Data for analysis START

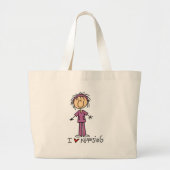 I Love Nursing Grote Tote Bag (Voorkant)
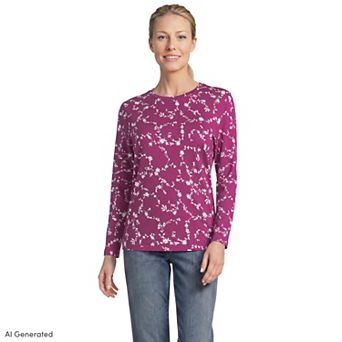 Petite Lands' End Relaxed-Fit Supima Long Sleeve Cotton Crewneck Tee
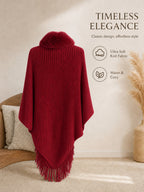 Women's Loose-fitting, Batwing-sleeve, Cape-style Cardigan; a Reversible Wrap with a Shawl Collar-a Stylish Piece for Casual Attire and a Great Gift for Autumn and Winter. - Deep Red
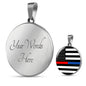 Political Thin Blue Red Line Circle Necklace Stainless Steel or 18k Gold 18-22"-Express Your Love Gifts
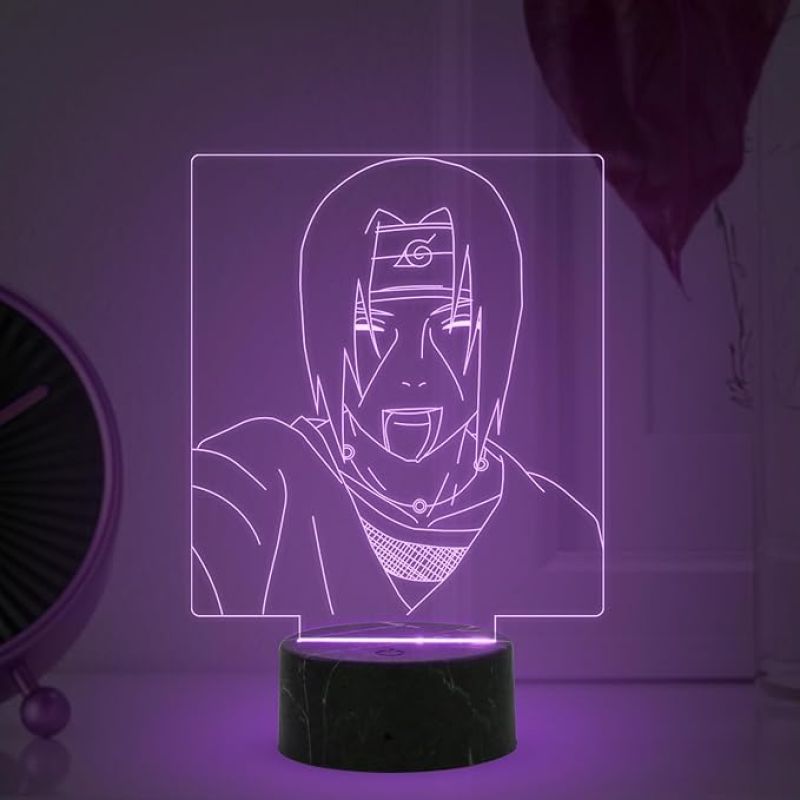 3D Illusion Itachi Uchiha Anime Night Lamp with Automatic Color Changing Light Anime Lover Gift Birthday Gift for Anime Fans Anime Home Decor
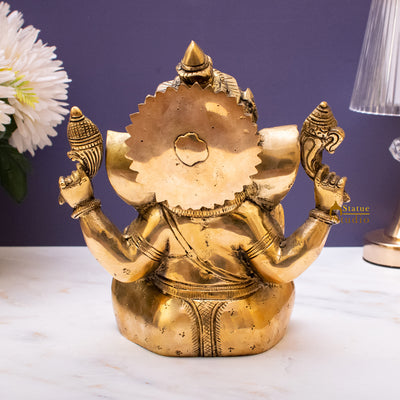 Brass Sitting Ganesha Statue Showpiece For Home Decor Gift 10"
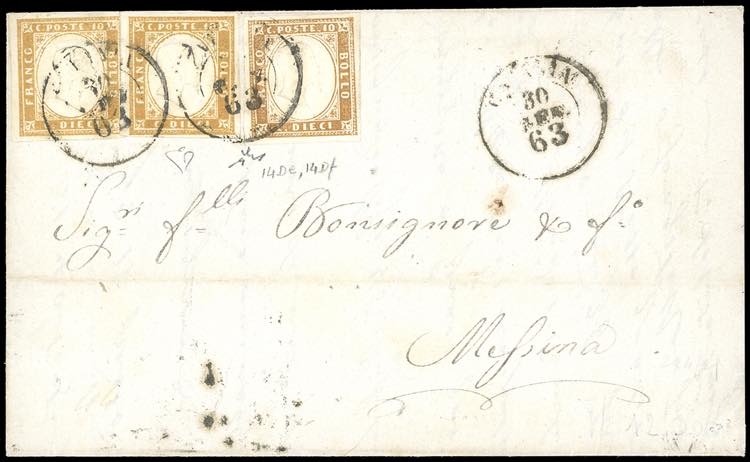 1863 - 10 cent. arancio ocra, due ... 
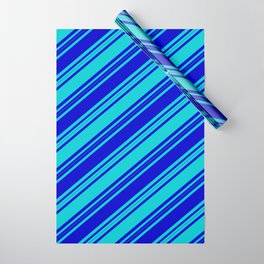 [ Thumbnail: Blue & Dark Turquoise Colored Stripes/Lines Pattern Wrapping Paper ]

Data for analysis END

Work to be completed –
Leaving all pictures aside, quote each record exactly.

Response –
 I Love Nursing Grote Tote Bag (Voorkant)
 Petite Lands' End Relaxed-Fit Supima Long Sleeve Cotton Crewneck Tee
 Women's Loose-fitting, Batwing-sleeve, Cape-style Cardigan; a Reversible Wrap with a Shawl Collar-a Stylish Piece for Casual Attire and a Great Gift for Autumn and Winter. - Deep Red
 Political Thin Blue Red Line Circle Necklace Stainless Steel or 18k Gold 18-22"-Express Your Love Gifts
 3D Illusion Itachi Uchiha Anime Night Lamp with Automatic Color Changing Light Anime Lover Gift Birthday Gift for Anime Fans Anime Home Decor
 Brass Sitting Ganesha Statue Showpiece For Home Decor Gift 10"
 1863 - 10 cent. arancio ocra, due ... 
 [ Thumbnail: Blue & Dark Turquoise Colored Stripes/Lines Pattern Wrapping Paper ]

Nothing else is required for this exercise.